# Area of parametric equation

1. Apr 14, 2005

### PolarClaw

Hi,

I've been trying to do this one question: Let R be the region enclosed by the graph x=t^2-2 y=t^3-2t. Set up the integral for the area of R.

I know that if y is continous function of x on an interval a ≤ x ≤ b where x=f(t) and y=g(t) then $$\int_{a}^{b}$$ y dx =$$\int_{t1}^{t2}$$ g(t)f'(t)dt provided that f(t1)=a and f(t2)=b and both g and f' are continous on [t1,t2].

But everytime i equate and solve for t i get sqrt(2) and 1. This is where i get lost I cant seem to find the interval for parametric equations (any of them ). Other then the interval I do belive i have the rest of the integral:

$$\int$$ (t^3-2t)(2t)dt

Thanks in advance (sorry for long post as well as horrid use of that latex typing first time)

2. Apr 14, 2005

### learningphysics

The graph translated to $$y=x\sqrt{x+2}$$. There doesn't seem to be any enclosed region.

3. Apr 14, 2005

### PolarClaw

the question copied and pasted from the pdf file is as follows:

4. Let R be the region enclosed by the graph of x = t^2 − 2, y = t^3 − 2t . (The graph was sketch for the final in 2004)

a.
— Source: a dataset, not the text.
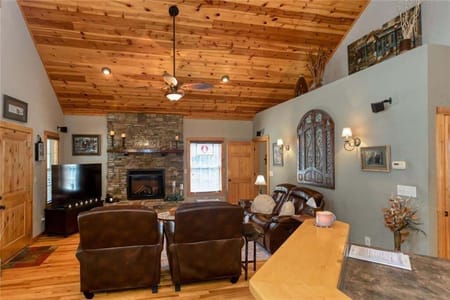 Helen, GA 30545 White County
Set up, BUT DO NOT EVALUATE an integral for the area of R .

Thats all the info that was given :/

Last edited: Apr 14, 2005
4. Apr 14, 2005

### HallsofIvy

Staff Emeritus
Sorry, there is NO area "enclosed" by that graph.

5. Apr 14, 2005

### hypermorphism

Actually, the parametrization can be broken into the 3 implicit functions y = $x\sqrt{x+2}$ for $t\in(0, \infty)$, y = $-x\sqrt{x+2}$ for $t\in(-\infty, 0)$, and y = 0 for t = 0. The graphs of these functions enclose a region between x=0 and x=-2. Given the symmetry of the graphs of the functions (one is just a reflection in the x-axis of the other), all one needs to do is integrate the positive function on this interval and multiply by 2.

6. Apr 14, 2005

### PolarClaw

Thanks for the help got was able to get the answer now.

7. Apr 14, 2005

### learningphysics

Oops. Yes... the minus sign. Sorry about that.